I think it's really hard to pick culture though. I think that it's very challenging to determine whether or not you're going to fit into that culture, you're going to contribute to that culture, you're going to add value to it until you're actually living it because everybody's got those values on their rock and then there's the real deal of how you operate every day. We can control, as sales leaders, a subculture within the overall culture to an extent, but that's it. But it is crucial. I mean, if you are going home and counting the days, if you have bad days, too many bad days in a row, indicates you're in the wrong place for your career. And I think that you have to make a change. We're in this fun universe, tons of great sales leadership with great companies changing the world, life's just way too short to be in a bad culture. So take action on it.

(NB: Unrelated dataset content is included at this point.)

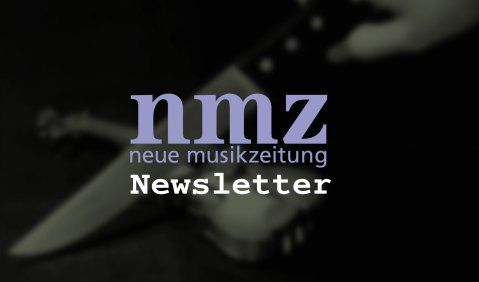 Newsletter der nmz. Foto: Hufner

Bridget Gleason (00:43:43):
Thank you. I have one comment. So when I... I agree that culture is super important and culture and values, those are largely driven and dictated from the top down. And I had just started at Yesware as the VP of sales and I think it was my first, we had an offsite and we were going to talk about our values and the culture. And I thought, oh, this is perfect. It was just the executive team. And we had two executive coaches come and facilitate. And I guess sort of prior to that meeting, there had been a lot of tension. Product didn't get out on time and there was animosity between sales and product and engineering. There was a lot going on. I wasn't privy really to all of it. I was sensing some of it. So we get to this offsite to talk about, we're in a beautiful place to talk about values and culture.

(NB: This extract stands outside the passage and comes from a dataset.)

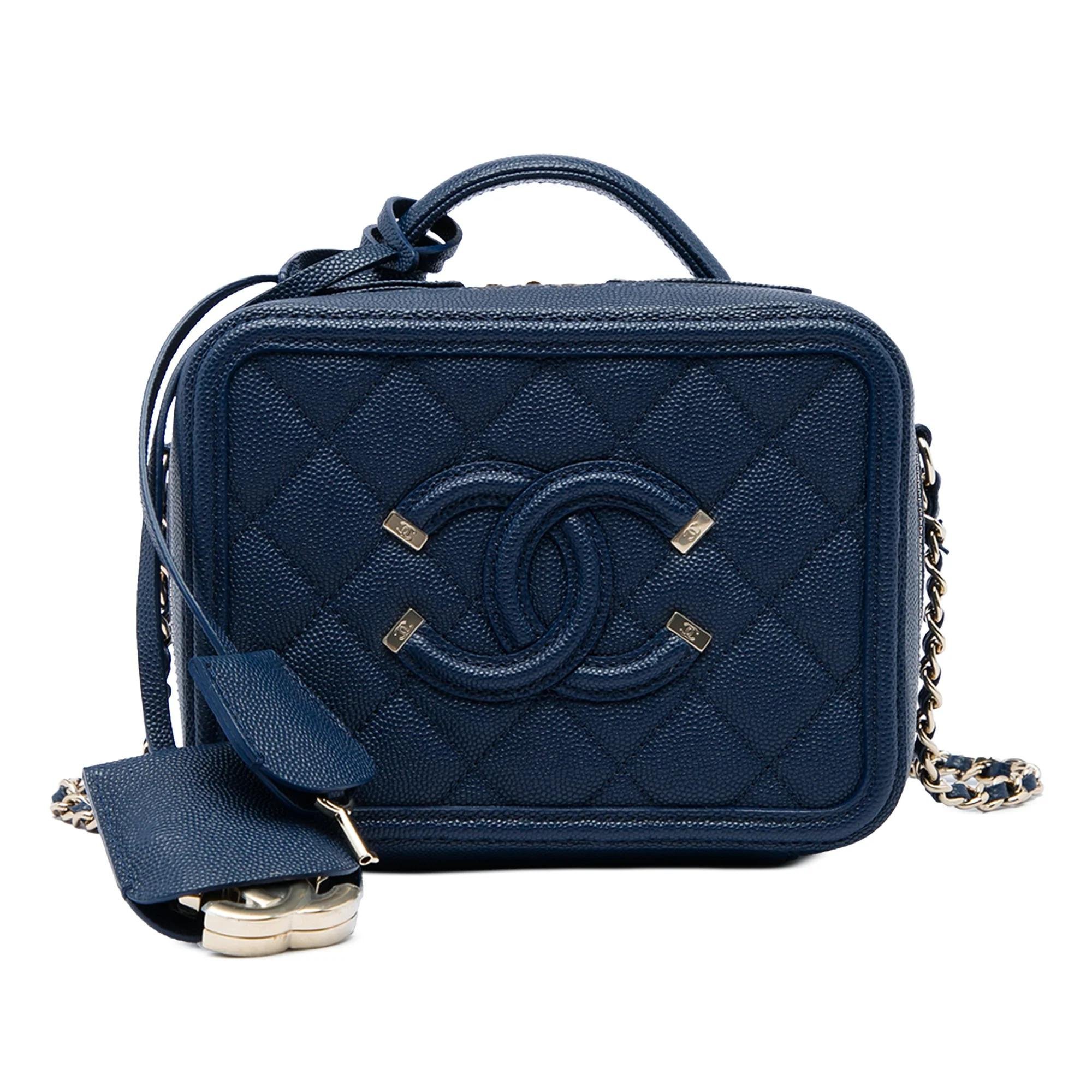 CC Filigree leather handbag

And one of the facilitators said, "You know what? There's a lot of stuff going on here and it's complete BS to sit in this room and whiteboard what our values are. Values are what we live every day and how we treat each other. So you have an opportunity right here, the executive team, are you going to talk honestly to each other about what's going on between you? Are you going to sweep it under the rug because these are your values?" And I'm sitting there thinking, this doesn't sound fun and the VP of product says to the CEO, "Yeah, I'll start." At the all hands meeting, when you said XYZ really threw me under the bus and then he responds and we have the facilitators there, and after two hours, I said, "Can we pause just for a second? We need to take a deep breath and breathe here." And I said, "Why can't we be like a normal startup where we're like building trust, we do trust falls."
We're doing like all this truth telling here. We spent eight hours doing it and it was the most, it was intense, but it bonded us and it really solidified our values around transparency and honesty and saying hard things and being truthful and our values came out of that and then they all took it down, but it was not just stuff we put on the walls, but it had a huge effect on how the company operated and what the values look like going forward. Although I have to say, I think in that moment, I would love to be out in the forest doing trust falls and not telling the truth. So it's hard.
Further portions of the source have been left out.